How to handle candidates’ letter-writing campaigns
The Inlander/ March 1, 2008
Editors take great pride when they know their newspapers are “making a difference.” A strong barometer is the editorial page, and specifically letters to the editor. So why do so many editors stifle the exchange of ideas during the months-long election season?
The volume of letters indeed increases dramatically with orchestrated campaigns. At the same time, letters reflect a basic mission of newspapers: To get people to think and share their ideas.
In that regard, special guidelines should be in force as editors prepare for election season. That can be done, however, in concert with giving as many readers access to the page as possible. The best avenue is to use a sharp editing pencil – or the “delete” button on your keyboard. Inform candidates and readers of the rules up front. It’s an excellent opportunity for newspapers to state the do’s and don’ts in a column early in the campaign season. Circumstances might even warrant a second or third column.
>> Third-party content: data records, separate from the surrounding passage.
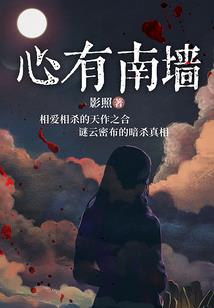 武侠宇宙美食家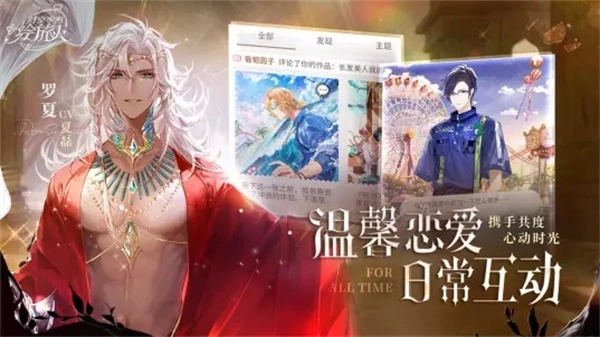 时空中的绘旅人游戏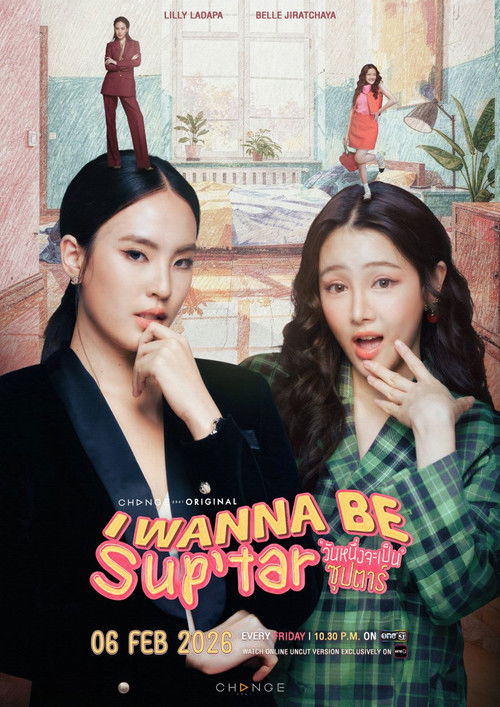 Poster della serie I Wanna Be Sup'Tar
Following are some guidelines that will help keep a vibrant editorial page:
Allow candidates to submit letters – with restrictions: Candidates should have the ability to write letters in certain circumstances – for example, in response to campaign charges leveled against them in another letter. Keep in mind that candidates have the ability and opportunity to advance their positions on issues in a variety of avenues – and not just through paid advertising. Candidates will be covered in news columns, and they naturally have a cadre of letter-writers. Be attentive to the savvy candidates who methodically submit letters as a strategy to supplement or replace paid advertising.
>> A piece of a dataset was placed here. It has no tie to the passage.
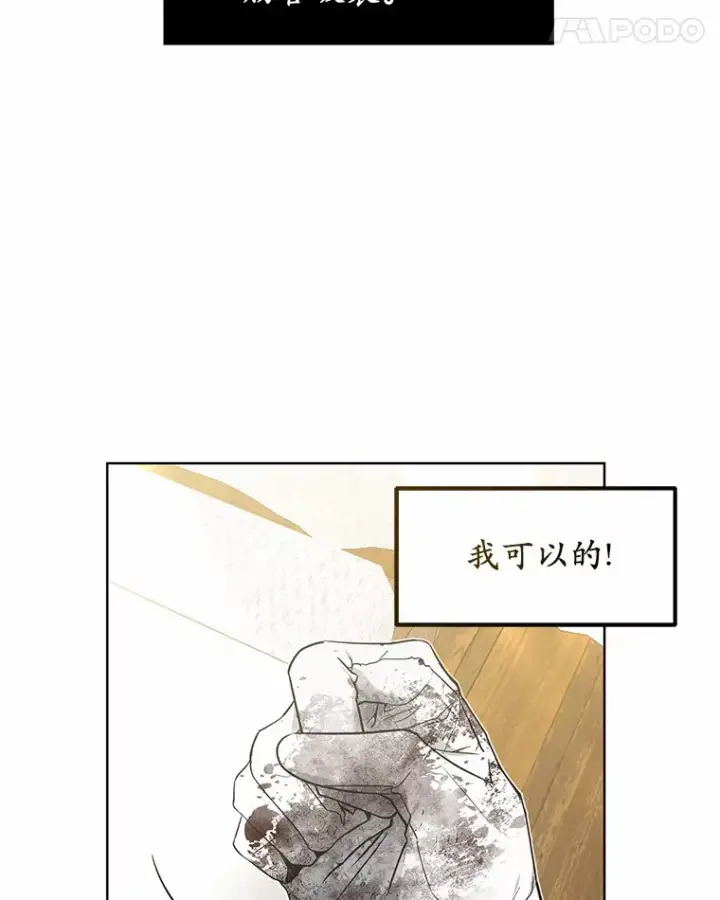 《其实我是SSS级神医》44.选择图92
Limit length and frequency of letters: Editors might want to impose more restrictive limits with the goal of still giving everyone the opportunity to weigh in on candidates and issues. The limit can vary from 200 to 450 words. Fairness and consistency should govern. It’s customary at many newspapers to limit authors to one letter per month at any time of year. One standard might be to limit individuals to one letter per ballot question or candidate race.
Set ground rules for rebuttals: A good rule of thumb is to allow each individual two letters. In other words, each has an opportunity for a rebuttal after the initial exchange. Someone inevitably will cry foul – that the other person has had the final say – but that always will be the case. Let each side get two shots, and then recommend the individuals pick up the telephone and continue their exchange privately.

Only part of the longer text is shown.